Work instruction: In the lines below, output everything from the first line through the line containing "Virginia Tech Hokies Album Sign - Maroon" exactly as it is. Pictures are not part of the output.
--------------------------------------------------
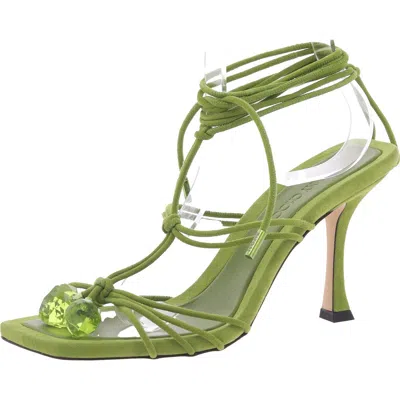 Jimmy Choo Jemma 90 Womens Embellished Suede Heels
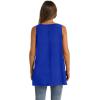 imageWIHOLL Loose Fit Tank Tops for Women Scoop Neck Summer Side Split Sleeveless Shirts 2025 FashionDblue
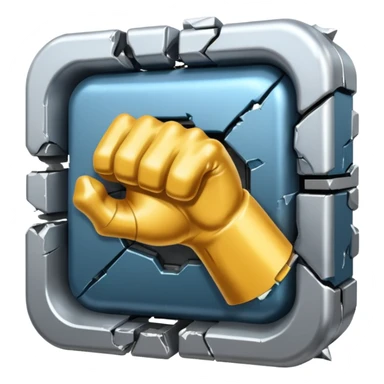 a sci fi themed fist punching through a module sticker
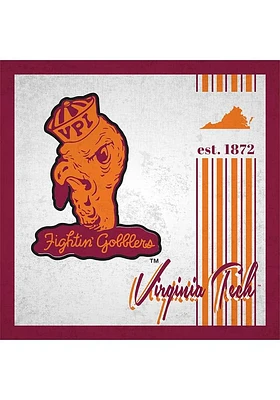 Virginia Tech Hokies Album Sign - Maroon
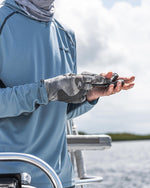 Simms SolarFlex SunGlove Fishing Gloves - Hex Camo Loden ☆ The Sporting  Shoppe ☆ Richmond, Rhode Island
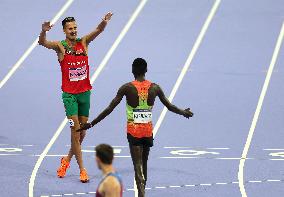 Paris 2024 - Morocco’s El Bakkali Takes Gold In Men's 3000m Steeplechase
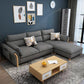 35.43" Tall Modern Linen Sectional Flared Arm Sectional for Living Room 100"L x 61"W x 35"H Grey Right Clearhalo 'furn' 'furn_sectionals' 'Furniture' 'Living Room Furniture' 'Sectionals' 5469356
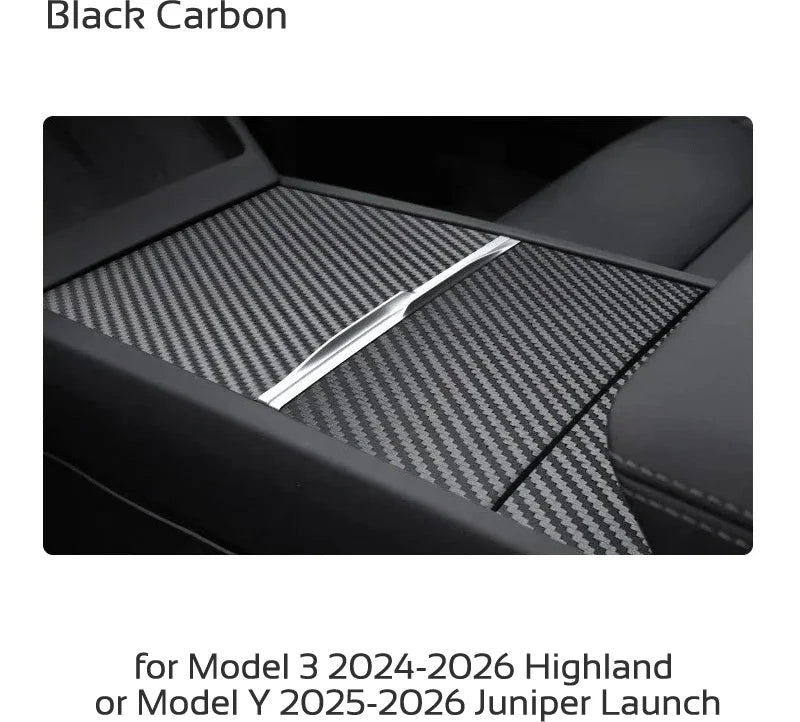 Center Console Protector Sticker for Tesla Model 3 Highland & Y Juniper (2024–2026)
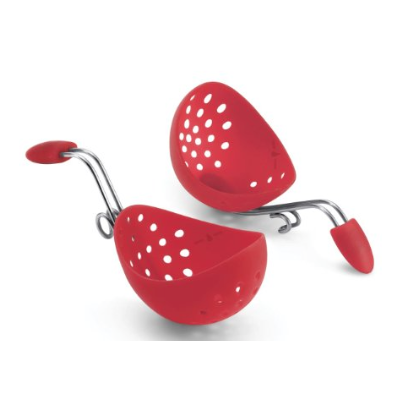 Ensemble de deux pocheuses à oeuf en silicone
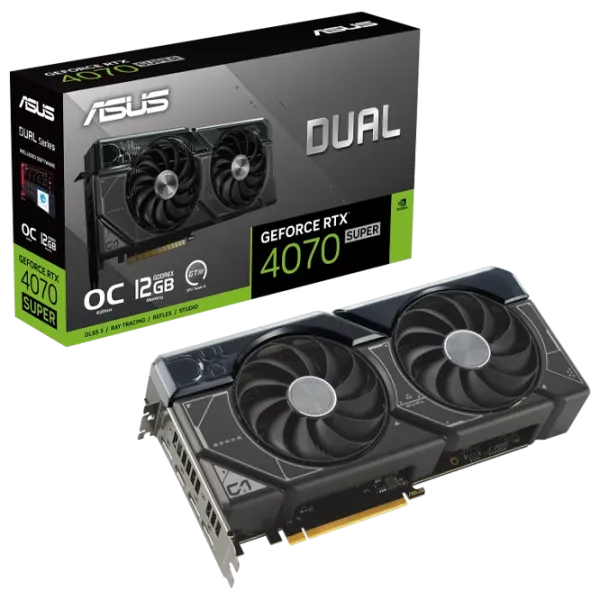 Placă video Asus Dual GeForce RTX 4070 SUPER OC Edition PCI Express x16 4.0 / 12 GB photo 6 Placă video Asus Dual GeForce RTX 4070 SUPER OC Edition PCI Express x16 4.0 / 12 GB photo 6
--------------------------------------------------
Solution to the exercise:
 Jimmy Choo Jemma 90 Womens Embellished Suede Heels
 imageWIHOLL Loose Fit Tank Tops for Women Scoop Neck Summer Side Split Sleeveless Shirts 2025 FashionDblue
 a sci fi themed fist punching through a module sticker
 Virginia Tech Hokies Album Sign - Maroon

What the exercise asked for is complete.